L sprague de camp, p.8
L Sprague De Camp, page 8
"Of course." Johnson nodded, pleased. "But for what purpose?"
"To keep the world frightened as long as possible."
"Fine! Admirable! That is exactly what I intend doing. War is often an emotional stimulant, or at least can be given a romantic gloss. I find that fear of war is much more debilitating. So I want to continue piling crisis on crisis, making first one side panicky and then the other.
"Eventually, of course, the world will come to accept war as inevitable, and feel that they want to get it over with. At that point I shall allow war to come. Then the hysterical apathy produced by constant fear will be drowned in the reality of war's horror. That point, however, has not yet been reached." Johnson lit a cigar. "Right now there is danger of either war or peace breaking out in Europe. The aggressors can't increase their production of munitions. But their economies are based on arms manufacture; if they stop producing them, they will collapse, or be overthrown from below. Obviously, I can't let them go to war, stop producing munitions, or be overthrown. Then what is the solution, William?"
Hale saw none. The dictatorships were trapped. Unless — "No," he said. "They wouldn't do it."
"What wouldn't who do?"
"The democracies wouldn't float a loan and feed them raw materials."
"What makes you so sure?"
"Why should they? They'd be arming the people they're preparing to fight."
"Ah!" said Johnson smugly. "You haven't examined all the facts. Remember that the dictatorships have defaulted on a lot of debts to the smaller nations, who have had to take goods instead of money in payment. And, furthermore, these debts will be repudiated altogether if the dictatorships are overthrown. Which means that the smaller nations will collapse if the dictatorships do.

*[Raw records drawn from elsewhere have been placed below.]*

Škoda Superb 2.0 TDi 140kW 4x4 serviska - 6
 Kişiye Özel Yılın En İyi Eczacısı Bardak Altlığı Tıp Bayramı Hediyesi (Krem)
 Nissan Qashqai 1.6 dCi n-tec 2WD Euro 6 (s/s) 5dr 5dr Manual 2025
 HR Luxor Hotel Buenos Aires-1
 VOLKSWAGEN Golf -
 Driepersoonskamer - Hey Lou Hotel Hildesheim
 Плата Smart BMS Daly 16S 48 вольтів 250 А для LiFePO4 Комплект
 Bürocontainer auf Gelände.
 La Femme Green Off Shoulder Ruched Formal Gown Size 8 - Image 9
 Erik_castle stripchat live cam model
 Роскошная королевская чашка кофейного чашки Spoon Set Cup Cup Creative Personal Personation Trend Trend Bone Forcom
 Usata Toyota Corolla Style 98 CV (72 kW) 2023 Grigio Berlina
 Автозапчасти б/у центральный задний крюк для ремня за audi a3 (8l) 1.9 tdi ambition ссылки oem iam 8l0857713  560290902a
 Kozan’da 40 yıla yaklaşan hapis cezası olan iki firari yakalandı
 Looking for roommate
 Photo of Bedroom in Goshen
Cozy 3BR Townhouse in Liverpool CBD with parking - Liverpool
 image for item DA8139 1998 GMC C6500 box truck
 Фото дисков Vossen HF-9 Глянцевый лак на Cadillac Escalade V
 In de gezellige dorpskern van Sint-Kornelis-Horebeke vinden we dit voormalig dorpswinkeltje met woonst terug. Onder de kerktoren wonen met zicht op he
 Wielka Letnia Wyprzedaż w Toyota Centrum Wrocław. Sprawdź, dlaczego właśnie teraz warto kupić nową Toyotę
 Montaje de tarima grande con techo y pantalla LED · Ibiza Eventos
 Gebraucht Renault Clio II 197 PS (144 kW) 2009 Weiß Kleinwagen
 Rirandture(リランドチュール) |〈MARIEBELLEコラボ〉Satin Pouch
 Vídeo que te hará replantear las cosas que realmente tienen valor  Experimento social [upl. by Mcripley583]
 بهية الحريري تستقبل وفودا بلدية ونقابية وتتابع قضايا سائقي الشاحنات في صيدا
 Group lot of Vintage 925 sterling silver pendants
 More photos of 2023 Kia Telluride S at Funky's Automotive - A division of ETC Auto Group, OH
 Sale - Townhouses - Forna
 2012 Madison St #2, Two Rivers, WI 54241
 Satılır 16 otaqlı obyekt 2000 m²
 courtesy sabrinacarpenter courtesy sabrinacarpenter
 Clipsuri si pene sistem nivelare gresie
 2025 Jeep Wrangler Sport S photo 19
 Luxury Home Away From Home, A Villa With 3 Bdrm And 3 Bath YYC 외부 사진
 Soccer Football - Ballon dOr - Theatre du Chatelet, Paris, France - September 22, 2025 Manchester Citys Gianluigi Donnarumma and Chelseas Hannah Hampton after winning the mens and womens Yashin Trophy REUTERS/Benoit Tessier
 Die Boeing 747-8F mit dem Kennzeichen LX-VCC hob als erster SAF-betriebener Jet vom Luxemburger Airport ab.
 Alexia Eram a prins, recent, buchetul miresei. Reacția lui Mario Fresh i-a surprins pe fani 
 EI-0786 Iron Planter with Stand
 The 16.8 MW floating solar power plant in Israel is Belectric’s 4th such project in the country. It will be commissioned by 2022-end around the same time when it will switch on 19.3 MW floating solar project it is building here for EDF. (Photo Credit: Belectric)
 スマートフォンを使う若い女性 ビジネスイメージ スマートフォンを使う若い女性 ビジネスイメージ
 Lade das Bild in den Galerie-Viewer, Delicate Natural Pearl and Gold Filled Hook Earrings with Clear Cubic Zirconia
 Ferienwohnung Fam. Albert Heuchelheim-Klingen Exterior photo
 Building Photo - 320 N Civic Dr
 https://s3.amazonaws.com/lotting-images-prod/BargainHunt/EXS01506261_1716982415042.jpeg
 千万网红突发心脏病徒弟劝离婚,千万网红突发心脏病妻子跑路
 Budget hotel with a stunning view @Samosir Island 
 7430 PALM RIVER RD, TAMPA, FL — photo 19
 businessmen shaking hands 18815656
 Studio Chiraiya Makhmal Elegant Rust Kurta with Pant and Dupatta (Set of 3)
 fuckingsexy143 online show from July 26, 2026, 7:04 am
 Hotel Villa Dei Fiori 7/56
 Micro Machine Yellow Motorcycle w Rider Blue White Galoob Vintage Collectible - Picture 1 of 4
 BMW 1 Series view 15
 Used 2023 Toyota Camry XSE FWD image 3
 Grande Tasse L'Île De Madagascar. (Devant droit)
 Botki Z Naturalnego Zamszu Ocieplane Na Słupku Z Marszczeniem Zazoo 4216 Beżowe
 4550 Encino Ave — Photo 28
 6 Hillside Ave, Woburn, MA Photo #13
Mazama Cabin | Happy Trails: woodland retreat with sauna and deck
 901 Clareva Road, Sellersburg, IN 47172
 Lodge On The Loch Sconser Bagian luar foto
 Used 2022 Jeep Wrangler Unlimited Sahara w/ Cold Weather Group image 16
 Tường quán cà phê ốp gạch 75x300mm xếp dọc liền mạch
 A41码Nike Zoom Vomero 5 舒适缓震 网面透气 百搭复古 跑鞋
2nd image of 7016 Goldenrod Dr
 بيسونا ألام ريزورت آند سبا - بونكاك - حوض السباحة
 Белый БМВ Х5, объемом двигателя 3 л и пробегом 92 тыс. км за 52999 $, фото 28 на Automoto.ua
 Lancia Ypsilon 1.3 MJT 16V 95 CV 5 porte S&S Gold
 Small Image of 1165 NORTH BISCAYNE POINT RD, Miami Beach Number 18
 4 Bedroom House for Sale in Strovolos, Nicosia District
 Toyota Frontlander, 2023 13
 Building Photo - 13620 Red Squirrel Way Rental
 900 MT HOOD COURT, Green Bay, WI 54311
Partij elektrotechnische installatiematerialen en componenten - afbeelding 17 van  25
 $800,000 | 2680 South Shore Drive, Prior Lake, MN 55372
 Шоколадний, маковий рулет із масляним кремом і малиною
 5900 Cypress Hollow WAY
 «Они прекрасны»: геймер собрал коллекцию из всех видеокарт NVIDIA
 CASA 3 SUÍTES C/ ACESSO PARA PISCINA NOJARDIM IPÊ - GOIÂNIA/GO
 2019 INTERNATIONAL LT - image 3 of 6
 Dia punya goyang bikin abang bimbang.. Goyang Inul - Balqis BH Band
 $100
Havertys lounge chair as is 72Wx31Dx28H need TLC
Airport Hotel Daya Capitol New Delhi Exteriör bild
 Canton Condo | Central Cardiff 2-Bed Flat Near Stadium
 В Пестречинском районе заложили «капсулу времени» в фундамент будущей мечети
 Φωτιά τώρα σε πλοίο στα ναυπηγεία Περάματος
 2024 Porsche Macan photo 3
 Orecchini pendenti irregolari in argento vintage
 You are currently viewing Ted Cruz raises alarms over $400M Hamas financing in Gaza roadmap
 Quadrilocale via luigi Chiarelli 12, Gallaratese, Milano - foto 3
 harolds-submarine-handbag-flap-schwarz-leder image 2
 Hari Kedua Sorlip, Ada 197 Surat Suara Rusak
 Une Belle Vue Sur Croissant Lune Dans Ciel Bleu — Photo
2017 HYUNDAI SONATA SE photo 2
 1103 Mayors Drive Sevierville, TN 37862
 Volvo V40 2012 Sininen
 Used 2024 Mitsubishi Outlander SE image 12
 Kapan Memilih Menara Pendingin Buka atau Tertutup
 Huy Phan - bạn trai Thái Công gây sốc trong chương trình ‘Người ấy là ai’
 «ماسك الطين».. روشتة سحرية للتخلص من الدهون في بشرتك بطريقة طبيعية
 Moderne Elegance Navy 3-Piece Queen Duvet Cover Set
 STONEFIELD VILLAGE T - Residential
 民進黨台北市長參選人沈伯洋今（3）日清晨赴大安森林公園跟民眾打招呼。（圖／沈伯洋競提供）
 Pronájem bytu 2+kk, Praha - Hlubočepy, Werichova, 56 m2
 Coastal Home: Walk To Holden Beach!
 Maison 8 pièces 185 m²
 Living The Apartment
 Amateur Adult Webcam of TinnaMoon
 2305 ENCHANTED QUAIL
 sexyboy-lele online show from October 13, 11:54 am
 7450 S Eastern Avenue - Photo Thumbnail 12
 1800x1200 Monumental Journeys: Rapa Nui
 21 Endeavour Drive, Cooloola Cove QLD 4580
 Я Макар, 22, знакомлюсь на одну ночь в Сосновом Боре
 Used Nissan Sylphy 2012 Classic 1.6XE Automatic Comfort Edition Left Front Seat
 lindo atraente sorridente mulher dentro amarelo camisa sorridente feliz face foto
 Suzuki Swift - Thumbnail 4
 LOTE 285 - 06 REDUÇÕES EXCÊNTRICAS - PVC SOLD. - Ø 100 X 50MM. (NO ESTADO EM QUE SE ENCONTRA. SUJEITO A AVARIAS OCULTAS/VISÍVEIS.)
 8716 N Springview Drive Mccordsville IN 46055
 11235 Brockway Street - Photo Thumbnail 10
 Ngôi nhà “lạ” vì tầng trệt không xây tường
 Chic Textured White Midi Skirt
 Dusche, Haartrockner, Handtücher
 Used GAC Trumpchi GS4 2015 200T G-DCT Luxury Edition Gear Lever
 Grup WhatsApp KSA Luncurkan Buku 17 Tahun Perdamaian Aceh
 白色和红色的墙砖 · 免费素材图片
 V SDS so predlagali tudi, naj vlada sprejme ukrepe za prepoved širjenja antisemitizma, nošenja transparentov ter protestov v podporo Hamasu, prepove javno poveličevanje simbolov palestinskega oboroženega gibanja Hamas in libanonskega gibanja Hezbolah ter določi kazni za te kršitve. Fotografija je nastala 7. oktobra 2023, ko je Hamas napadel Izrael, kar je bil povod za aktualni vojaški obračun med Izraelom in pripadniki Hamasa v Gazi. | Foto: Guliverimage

"Much as the democracies fear war, they fear a general political upheaval even more. I shall play on that fear. There will be a huge loan to the dictatorships, and all the raw materials they can absorb. Thus the danger of peace will be removed; everybody will be producing munitions madly; and the chronic state of crisis will be kept furiously boiling. Do you agree with me?"
Hale shook his head slowly. "I guess I'll never learn."
"Nonsense. William! It may take you a few years, perhaps even centuries. What of it? We have all eternity before us. Simply remember this." He tapped on the desk for emphasis. "Our business, let me repeat, is to torment the greatest number of people in the most efficient manner possible. War, or the fear of war, is the greatest mass torment. But there are other torments for nations, or classes within nations: unemployment, taxes, unbalanced budgets, business competition, threats of social upheavals, relief slashes, and so on. Even though the war crisis is our most absorbing problem at the moment, we must never cease using the smaller torments."
Quite naturally, Hale had been feeling increasingly unsure of himself. His motive in forcing Lucifer to give him a partnership had been nothing more satanic than a desire for wealth, luxury, security, and a little power — enough to make him feel important. He felt inadequate, though, when it came to ruling the world with Lucifer.
"What am I supposed to do while you're gone?" he asked uneasily.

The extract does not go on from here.